We are quickly growing the number of Arrow implementations.  Soon we'll
- C++: the most mature, reference, and historical implementation
- Python: linked with Arrow C++
- C/GLib: linked with Arrow C++
- Ruby: linked with Arrow C++ (indirectly through C/GLib)
- R: linked with Arrow C++
- Matlab: linked with Arrow C++
- Java: independent implementation
- Rust: independent implementation
- Go: independent implementation
- Javascript: independent implementation
- .Net (C#): independent implementation

This creates various kinds of issues.  Technical issues such as CI
matrices being more and more large and complex.  Social issues such as
different implementations having different development speeds and
maturity, and the fact that development teams are effectively disjoint
(for example, whoever develops on the C++ codebase usually doesn't
develop on the Rust codebase, and vice-versa).

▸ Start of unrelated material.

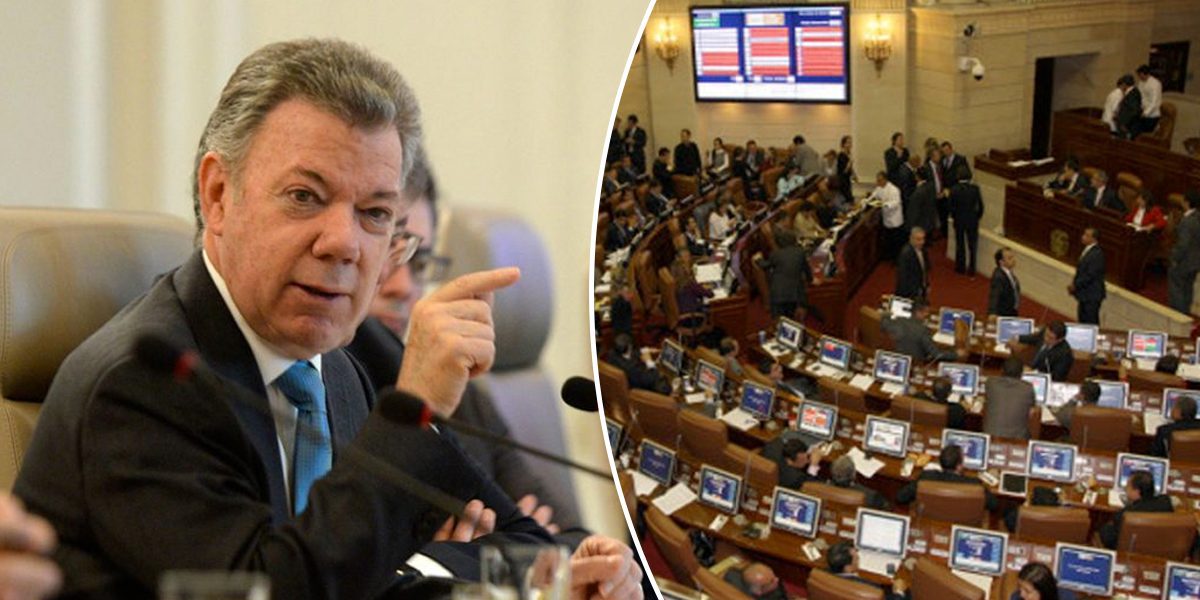 Gobierno decreta sesiones extras al Senado para que apruebe reglamentación de la JEP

I'm not proposing anything concrete here, but would like to ask what
people think of moving independent implementations (those that don't
depend on Arrow C++) into independent repositories.  This would let them
define their own workflow, permissions, teams, CI configurations and
whatnot.  This would also allow growing the CI matrix for the main repo
without reaching humongous sizes.  The implementations would still be
under the umbrella of the Apache Arrow project; but they would exist as
independent GitHub projects (this is a bit how Parquet implementations
are handled, AFAIK).

To start with, Wes expressed opposition to the idea:
I am against breaking up the monorepo -- I think that we should scale
our process using tools that we develop rather than conforming to the
objectively crude affordances of Travis CI and Appveyor. Implementations
that are independent now may not be so in the future by the nature of
the project -- any implementation could integrate with Gandiva, for
example, and that would become much more difficult to develop if the
code is fragmented in multiple repositories.